**MATERIAL PROVIDED**
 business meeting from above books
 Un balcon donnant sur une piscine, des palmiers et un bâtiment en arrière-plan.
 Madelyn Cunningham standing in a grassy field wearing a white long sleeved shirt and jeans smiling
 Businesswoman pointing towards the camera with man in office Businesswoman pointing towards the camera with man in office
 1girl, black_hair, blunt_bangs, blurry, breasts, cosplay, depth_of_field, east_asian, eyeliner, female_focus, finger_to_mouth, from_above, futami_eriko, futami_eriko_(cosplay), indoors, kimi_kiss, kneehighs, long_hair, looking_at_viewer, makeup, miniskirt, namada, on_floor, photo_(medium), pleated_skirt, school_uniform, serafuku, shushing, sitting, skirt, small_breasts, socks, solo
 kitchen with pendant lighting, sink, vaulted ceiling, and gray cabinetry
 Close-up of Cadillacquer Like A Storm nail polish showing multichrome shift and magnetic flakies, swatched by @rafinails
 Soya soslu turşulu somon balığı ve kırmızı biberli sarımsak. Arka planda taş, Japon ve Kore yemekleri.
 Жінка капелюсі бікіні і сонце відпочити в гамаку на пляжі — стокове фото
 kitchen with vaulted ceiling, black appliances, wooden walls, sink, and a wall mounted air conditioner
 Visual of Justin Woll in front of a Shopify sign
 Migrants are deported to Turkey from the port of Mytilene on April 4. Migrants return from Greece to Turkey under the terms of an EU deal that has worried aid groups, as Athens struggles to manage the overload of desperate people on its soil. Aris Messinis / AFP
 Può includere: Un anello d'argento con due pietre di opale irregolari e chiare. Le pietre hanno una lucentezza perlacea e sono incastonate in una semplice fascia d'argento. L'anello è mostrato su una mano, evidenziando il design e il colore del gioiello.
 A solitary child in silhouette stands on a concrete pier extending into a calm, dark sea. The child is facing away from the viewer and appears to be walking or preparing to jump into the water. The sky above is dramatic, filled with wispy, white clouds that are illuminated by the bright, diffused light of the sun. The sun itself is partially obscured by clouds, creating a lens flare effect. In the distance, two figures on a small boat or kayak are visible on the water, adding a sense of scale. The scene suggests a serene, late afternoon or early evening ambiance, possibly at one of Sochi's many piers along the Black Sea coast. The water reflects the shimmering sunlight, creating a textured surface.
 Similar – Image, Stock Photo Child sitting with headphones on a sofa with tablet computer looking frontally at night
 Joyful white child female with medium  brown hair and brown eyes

**HOW TO COMPLETE THIS TASK**
Look for the string "ceiling" in the records, and copy every line where it is found.

**SOLUTION TO THIS TASK**
 kitchen with pendant lighting, sink, vaulted ceiling, and gray cabinetry
 kitchen with vaulted ceiling, black appliances, wooden walls, sink, and a wall mounted air conditioner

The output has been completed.